I spent the afternoon hanging at the hostel before I ventured out in the cold to find some falafel. It was near freezing, so I didn't want to get falafel outside at a stand, but all the indoor places seemed to only sell kebabs. Yet I spent longer in the cold, looking for an indoor restaurant than if I had just eaten the outdoor falafel and been done with it. But no matter, I did finally find a lil restaurant spot for some falafel that was just fair but hit the spot. I chatted with the fellow who ran the place. He was a Kurd from Suli. I gushed over my love of Kurdistan, and we spoke of my work there. He had been a soldier in Saddam's army, and had fought against Iran but ultimately left because he didn't was to be part of it any longer. He was warm and friendly, it was an interaction that I needed. Love the Kurds, even if they make the worst falafel in the Middle East.

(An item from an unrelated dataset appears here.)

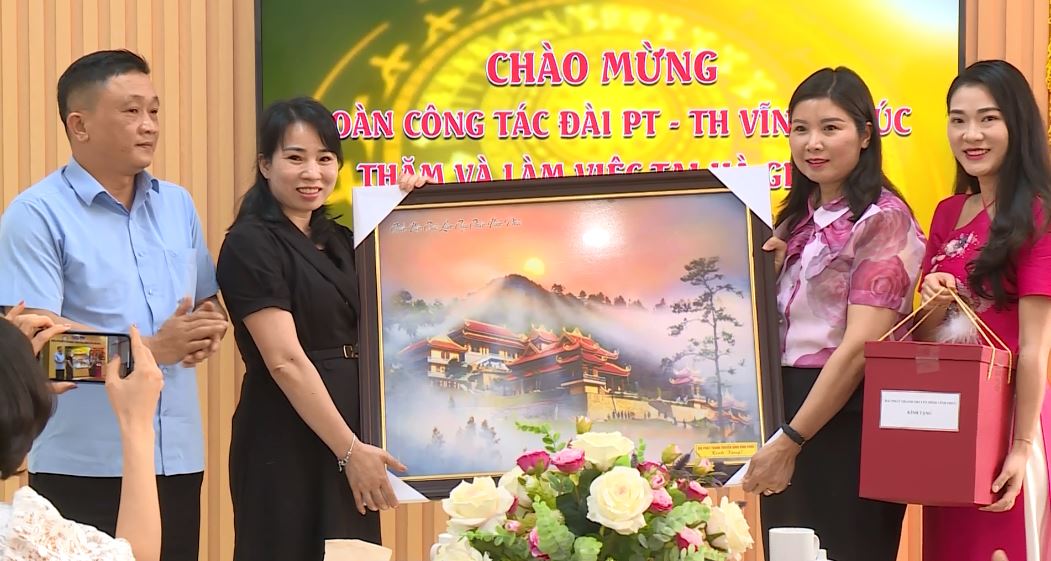 Đài PTTH Vĩnh Phúc trao đổi chuyên môn nghiệp vụ tại Đài PTTH Hà Giang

Saturday came, and with it a reprieve from the rain. On a cold, grey day I got a transit day pass and hoped the tram out to the Dokumentationscentrum Reichsparteitagsgelande,or Documentation Centre Nazi Party Rally Grounds. The museum, built into the Kongresshalle—a huge Nazi piece of stadium architecture that was never completed, was fascinating.  
It charted the Nazis rise in Germany, and the role of Nuremberg in the Nazi history. Nuremberg was where the Nazi Party held giant rallies in 1927 and 1929, and the annual Nazi Party rallies from 1931 to 1934. The rally grounds served to propagate the Nazi cult and demonstrate Nazi power and ability to mobilize the masses.

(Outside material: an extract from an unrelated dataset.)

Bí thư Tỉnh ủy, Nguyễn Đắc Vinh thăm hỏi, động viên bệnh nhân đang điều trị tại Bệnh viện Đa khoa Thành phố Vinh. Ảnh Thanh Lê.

The museum discussed the designs on the grounds by Albert Speer—Hitler's favorite architect who would plan designs for other Nazi cities. It also went through the Nuremberg laws, and their application on minorities within the Reich.

Finally, it outlined Leni Riefenstahl'Triumph of the Will, the famous propaganda movie epic that showed Hitler's arrival to adoring masses in Nuremberg. Her film, which featured a film crews of more than 180 assistants and the finest camera, lighting and editing equipment at the time, was a propaganda piece like no other. It was shown all across Germany, in schools and public squares and helped cement the cult of the Fuhrer.

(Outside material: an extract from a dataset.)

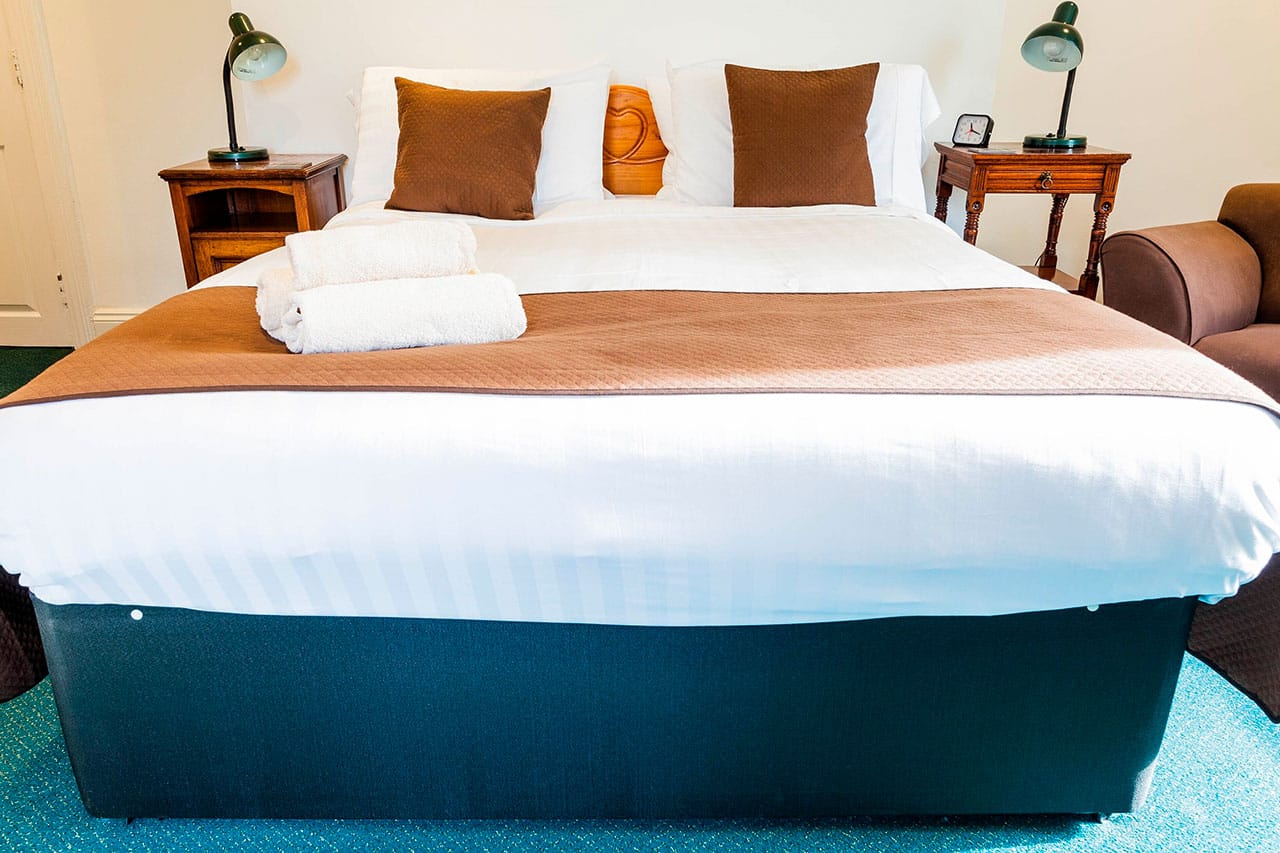 Hookwood Lodge Hotel Gatwick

After touring the museum, I wandered the immense party rally grounds, Zeppelin Field and Zeppelintribune where Hitler would address the rallies.

After this, I hopped the metro over to a punctuation on the period: the Memorium Nuremberg Trials. The fascinating museum in the Nuremberg Palace of Justice explained the process of the war crimes tribunal in the context of international law.

The museum charted the history of international law, from the rise of the Geneva Conventions through the League of Nations and onto the Nuremberg trials against the Nazi top brass. Their trials, for crimes against peace and crimes against humanity, where held in Courtroom 600 in the building, which I got to see from above.

The museum offered a thorough, if exhausting, understanding of the war crimes trials for the Nazi heads such as Goring, Ribbentrop and others. It explained the role of the tribunal, and the differences in the victors' desires to conduct justice (Stalin: take them out back and shoot them; Churchill: give a them a quick trial and shoot them; Roosevelt: give them a trial), and the roles of the different prosecutors from the British, American, French and Soviet sides.

The museum explained how those involved in the process went to long ends to make sure these were real trials, and not just “victor's justice.” Also, how the Nuremberg trials created a further system of international criminal justice.

In this regard, I just began East West Street by Phillipe Sands about the origins of "genocide" and "crimes against humanity" in regards to the Nuremberg trials.  It is fascinating, and worth a read.

Now, on to exploring through Weimar as the train there passes giant yellow castles on hilltops, and forests of evergreens in their first dusting of snow.